De manera que la vida se vuelve un lienzo destinado a ser quemado, que muchos a lo largo de los años han intentado descifrar. ¿Por qué estamos programados para buscar la pureza claridad del color blanco viviendo en una grisácea realidad? ¿Quién puede ser realmente feliz si la claridad entra a cuenta gotas en una ventana que se deja, con toda intención, abierta? Si pareciera que todos los acontecimientos se van concatenando para desembocar en un entorno aún más sombrío.

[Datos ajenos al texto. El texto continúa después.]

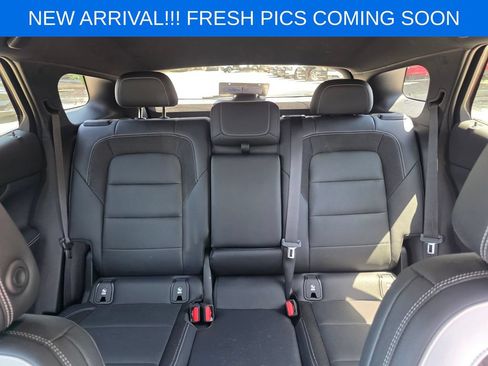 Used 2024 Chevrolet Blazer EV LT AWD/4WD image 13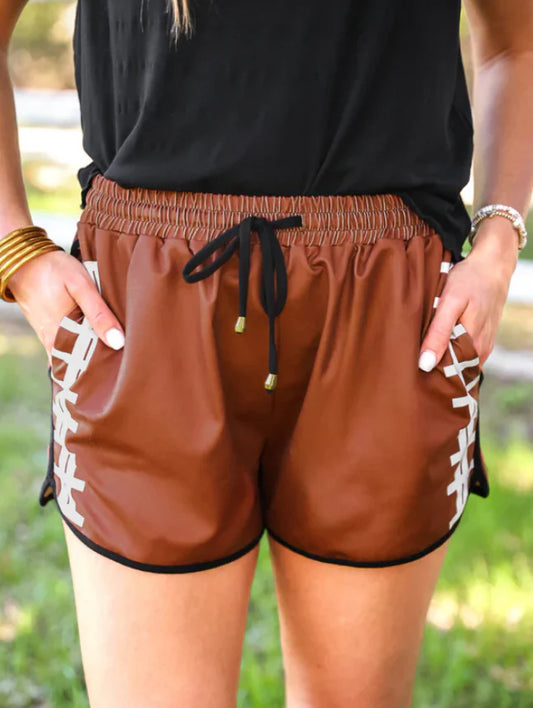 Football Everyday Short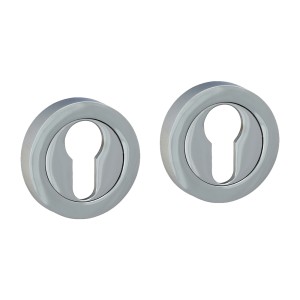 Timco Euro Profile Escutcheon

¿De qué sirve la ilusión o la necedad encomiable de seguir creyendo? Si todos los gritos de auxilio se ahogan en el mismo bullicio para que parezcan risas. Todos dicen comprender lo que se vive y reír en consecuencia, cuando sólo se ríen de lo abominable, pero nadie ríe de la poesía. A nadie le interesa la calidez de un sincero “buenos días”, ni de la importancia y trascendencia de la palabra “amigo”; y si de por sí la realidad ya era grisácea, el ver cómo nadie vive en realidad es prueba de que se avecina un nuevo cataclismo.

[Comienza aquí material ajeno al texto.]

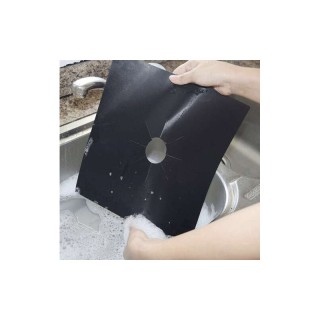 Σετ Προστατευτικές Επιφάνειες για Εστίες Αερίου 4 τμχ Ruhhy 22944 Σετ Προστατευτικές Επιφάνειες για Εστίες Αερίου 4 τμχ Ruhhy 22944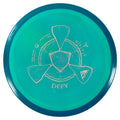 Axiom Discs Neutron Defy Disc Golf Distance Driver (Colors May Vary)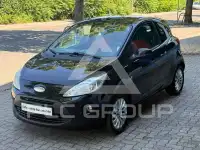 2009 Ford KA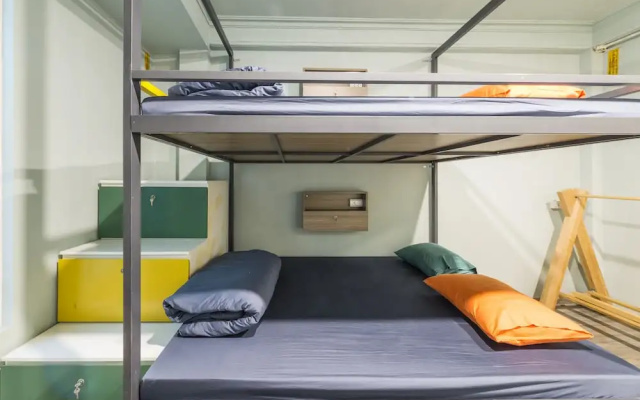 Хостел Hanoi EcoStay 2
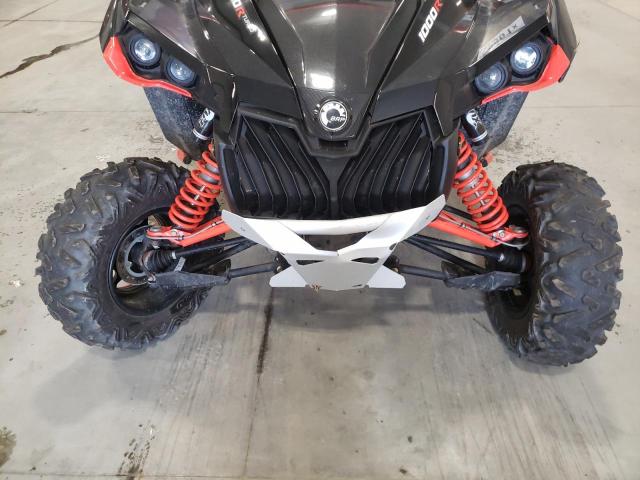 2017 CAN-AM MAVERICK M 3JBPEAR25HJ000583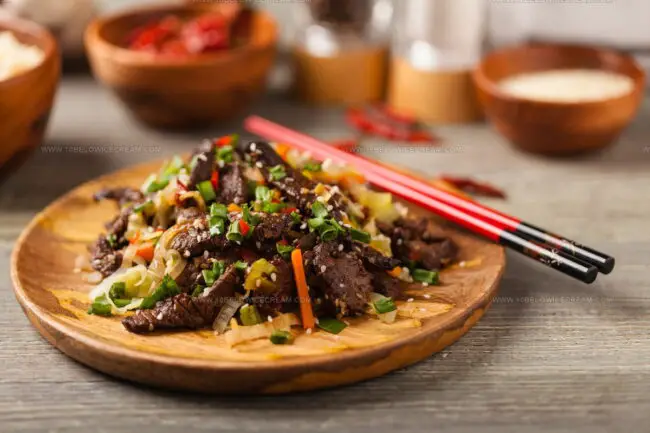Bulgogi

Es curioso ver cómo se fatigan por otorgarle un nombre, cuando está muy claro que evitan lo que es en realidad: un fracaso. Un ambiente que, una vez, se soñó modesto y pintoresco, pero que no ha podido llegar a ser más que toneladas de inmundicia.
Y así es que se está condenado a vivir sin poder vivir o morir siquiera. Cuando la vida no es más que una rutina de tortura. Se inventan, de la nada, emergencias para evitar discutir temas sinceros, cuyo único propósito es huir de la culpa que les carcome por dentro. Pues saben bien que están errados y podrían ceder a la claridad del día, pero están empecinados, junto con las indomables fuerzas del destino, a hacerles sentir a todos el mismo suplicio.

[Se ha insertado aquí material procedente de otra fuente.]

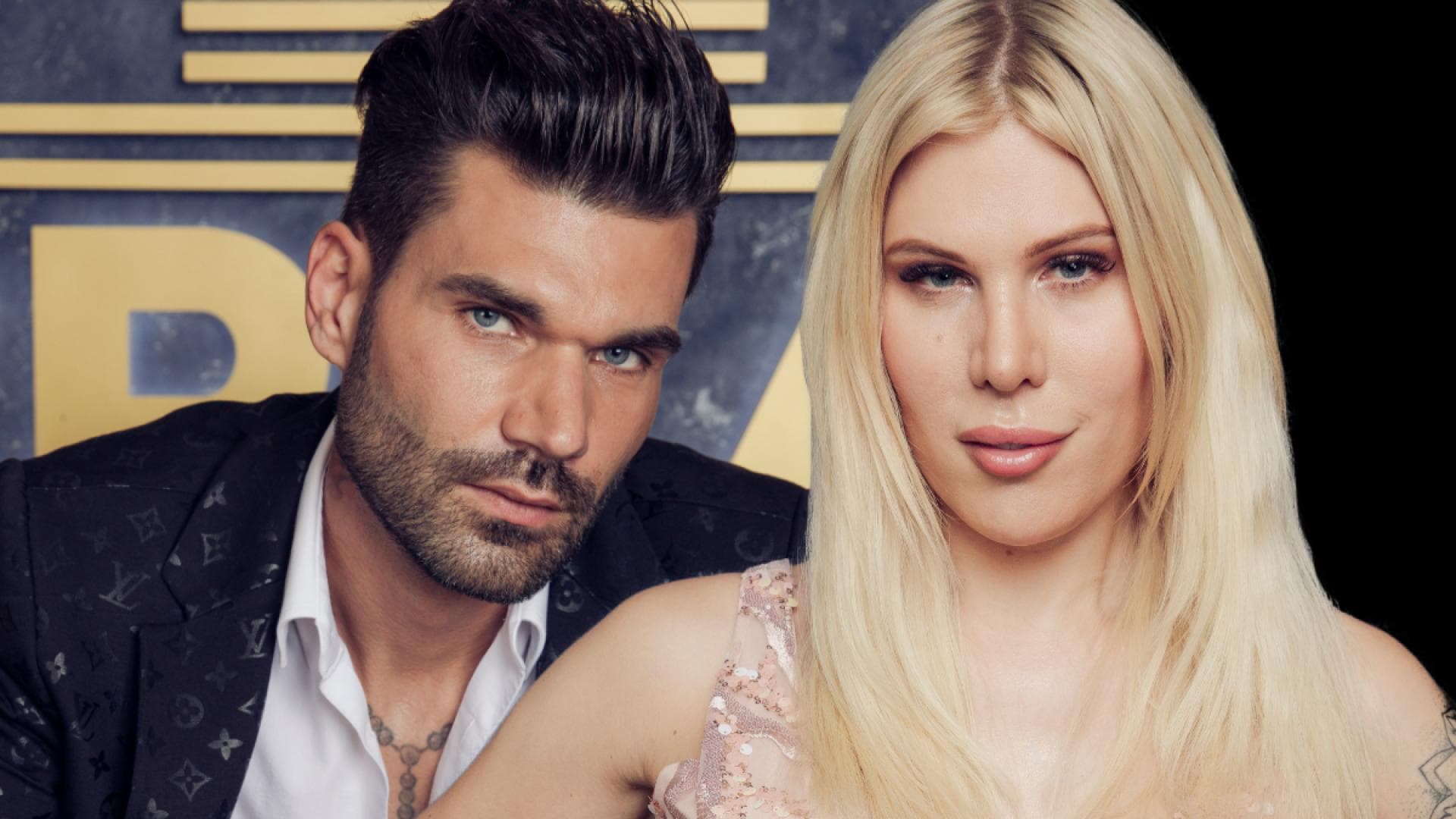Mike Cees Affäre mit Arielle Rippegather? Jetzt bezieht er Stellung
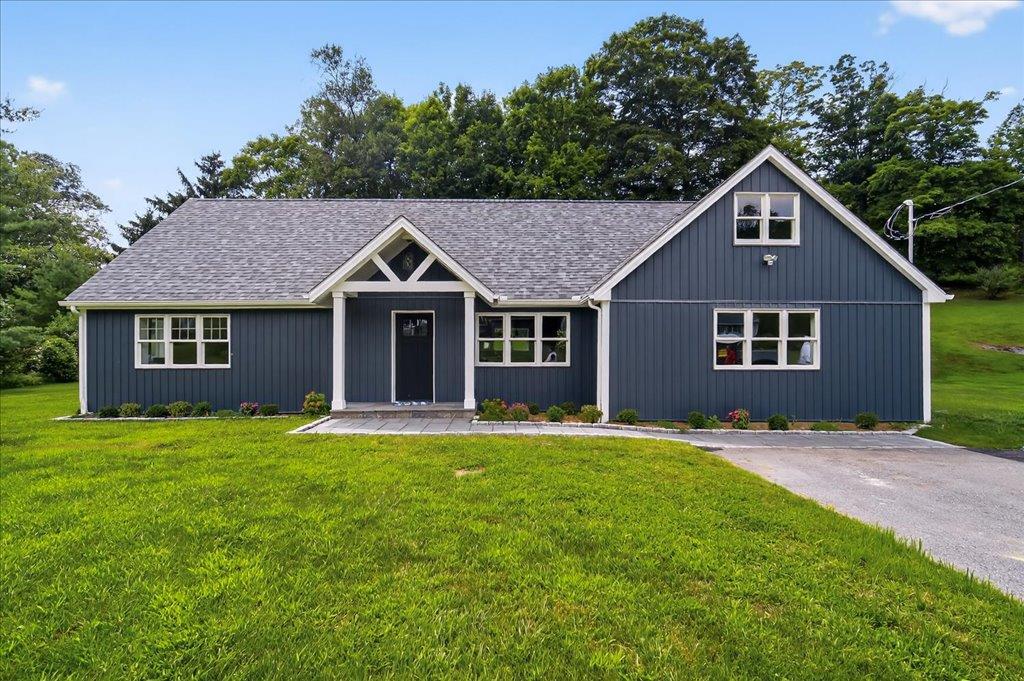 64 Meadow Lane, Katonah, NY 10536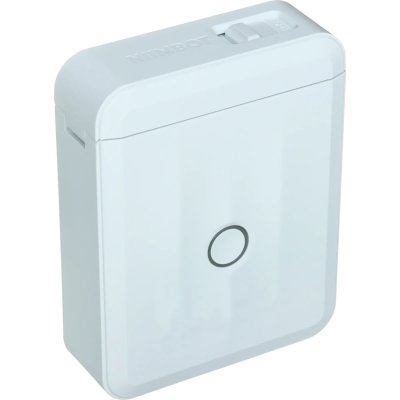 принтер этикеток Niimbot D110 M Light Blue голубой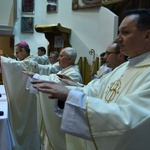 Bierzmowanie u Matki Bożej Nieustającej Pomocy w Mielcu - cz. 2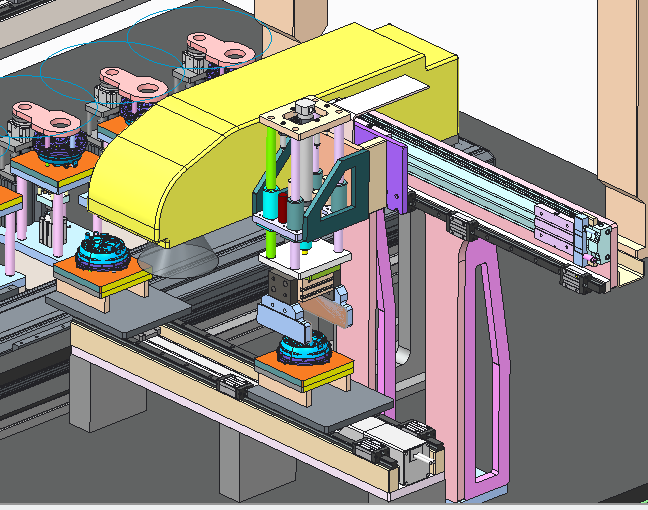 产品搬运打标设备pro5.0.zip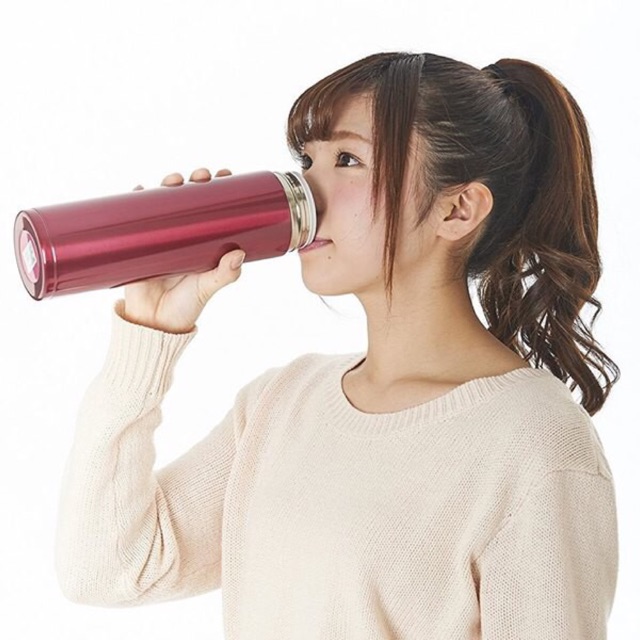 BỈNH GIỮ NHIỆT FORTEC 800ml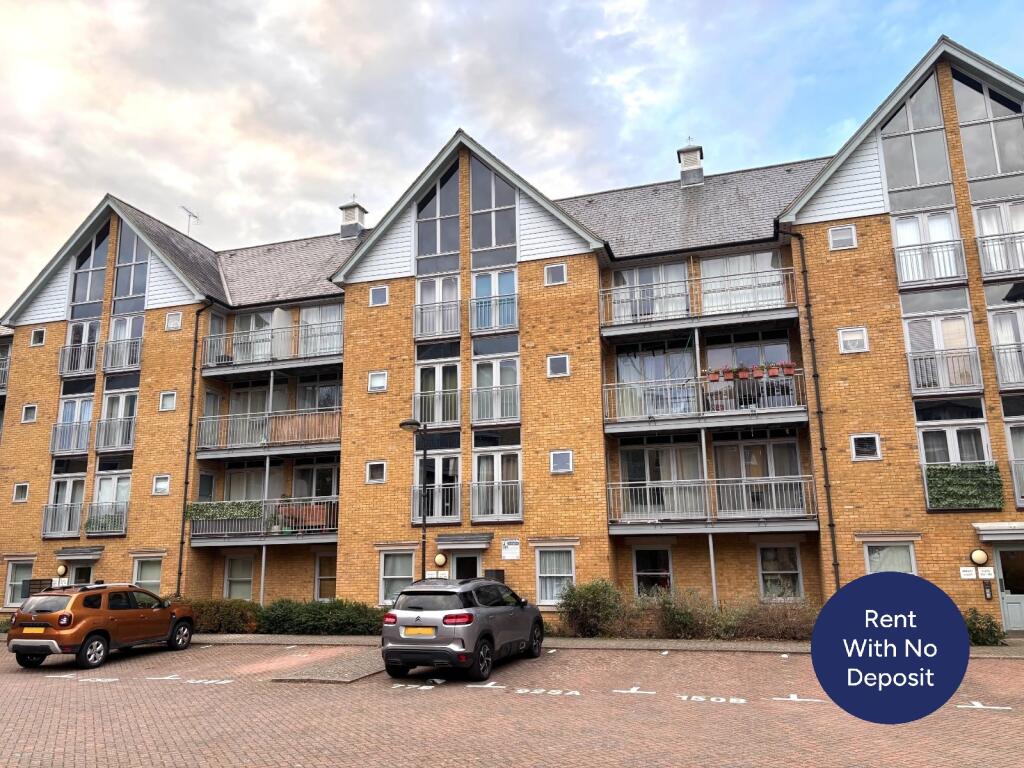 2 bed 1st Floor Flat for rent in Canterbury. From Miles & Barr - Canterbury 2 bed 1st Floor Flat for rent in Canterbury. From Miles & Barr - Canterbury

Por lo que se pasa el tiempo en el mismo gris. Tan suave, tan viejo, tan pausado. Que es de por sí contradictorio. No es un terreno ideal qué pisar, pero al menos se conoce. Es un punto en el que todas las fuerzas antagónicas se encuentran y producen la más bizarra dualidad, ya que se respira un aire putrefacto que amenaza con reducir todo a cenizas, se ve también a lo lejos una montaña llena de duelo y de tormento; pero aún no hay cenizas y aún no hay tormento; hay en cambio, si uno mira con atención, algunos pocos seres a quienes llamar “amigos”, aún hay miradas tiernas y buenos deseos, sueños que flotan por ahí que cristalizarán en cuestión de tiempo. Por cada lágrima de dolor, hay dos sonrisas de consuelo; una, la del amigo que intenta aliviar la pena y, la otra, la del que llora, al enternecerse por los torpes intentos y ocurrencias del que intenta reanimarlo. Por lo que al final, hay risa. Pero una risa de verdad, de esas que no abundan. Una risa que es como un rayo de sol que entra por la ventana e, inclusive, calienta.
Ese es el momento en que uno se da cuenta que quizá el gris no sea tan malo, pues es, dentro de todo, un gris claro; en el que sólo una palabra de aliento puede cambiarlo todo y volver al abismo, navegable; la insatisfacción y desesperación, pasajeras; la desgracia, enseñanza; la muerte, trascendencia y la aceptación de todo ello, dicha.
Tenía un jefe que me parecía que vivía eternamente conflictuado. Era una persona profunda, amante del arte y la cocina, que se refugiaba en libros. Pero estaba intranquilo y triste. Sensibilizada por alguna conversación que tuvimos en la que pintó bastante negro el panorama, le escribí el presente escrito durante la hora de la comida y se lo regalé para hacerlo sentir mejor.